Hal ini disampaikan Robinson Totong, melalui reses anggota DPRD Nunukan, Senin (28/3) di Kampung Timur RT 031, Kelurahan Nunukan Barat, Kecamatan Nunukan.

” Kalau tahun ini tidak dikerjakan karena alasan prioritas. Pertama jalan ini adalah jalan yang mendekatkan masyarakat baik yang ada di kampung timur maupun wilayah persemaian Nunukan tengah, Nunukan barat RT 031 RT 14 di atasnya RT yang baru RT 29 belum lagi RT 20 RT 5 RT 6 Nunukan tengah, akses jalan menuju ke rumah sakit kalau kita melalui jalan ini hanya kurang lebih 3 km,” kata Robinson Totong.

Penyerapan Aspirasi masa persidangan II tahun sidang 2021-2022 ini dihadiri Tokoh Masyarakat, agama, pemuda, dan warga Kampung Timur.

Dalam Reses terdebut, banyak aspirasi yang disampaikan Masyarakat diantaranya Infrastruktur, dan penerangan lampu jalan.

Merespon aspirasi tersebut, Robinson Totong sangat antusias terhadap harapan masyarakat, ia menegaskan akan bekerja keras agar Aspirasi ini dapat berjalan dengan baik.

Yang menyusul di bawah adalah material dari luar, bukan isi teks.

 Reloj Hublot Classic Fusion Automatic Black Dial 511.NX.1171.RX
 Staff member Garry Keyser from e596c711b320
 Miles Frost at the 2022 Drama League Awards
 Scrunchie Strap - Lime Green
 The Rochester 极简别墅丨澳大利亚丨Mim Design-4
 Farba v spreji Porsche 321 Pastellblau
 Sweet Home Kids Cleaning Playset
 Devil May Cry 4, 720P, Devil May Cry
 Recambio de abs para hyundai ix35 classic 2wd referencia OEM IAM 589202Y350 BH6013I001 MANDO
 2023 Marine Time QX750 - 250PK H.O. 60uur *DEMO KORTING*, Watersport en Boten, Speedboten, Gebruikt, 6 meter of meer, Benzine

Lebih lanjut disampaikannya, apabila pemerintah daerah tidak menganggarkan jalan tersebut, dirinya terus berupaya setidak- tidaknya pengerasan jalan agar bisa lebih mudah dilalui.

Terhadap aspirasi warga di Kampung Timur akan terus ia kawal, karena sudah beberapa tahun lalu aspirasi ini pernah di sampaikan namun tidak terealisasi.

” Apa yang pernah kita sampaikan beberapa tahun yang lalu itu belum terealisasi, maka tugas kita bersama untuk terus memperjuangkan, mengawal jangan kita putus asa karena tidak terealisasi tahun ini.” tegasnya.

Ditambahkannya, berbeda dari tahun sebelumnya anggota DPRD Nunukan mengalokasikan anggaran aspirasi, namun beberapa tahun ini nihil.

Karena itu DPRD hanya sebatas menyerap aspirasi, namun tidak memiliki kewenangan menentukan anggaran dalam merealisasikan pokok- pokok pikiran dari seluruh kelurahan yang ada di Nunukan.

” Kami akan mengawal aspirasi masyarakat dengan mengagendakan dalam pokir DPRD Nunukan dan selanjutnya dibawah ke tingkat musrenbang, agar tahun 2023 program ini menjadi skala prioritas,” ungkapnya.#Adv.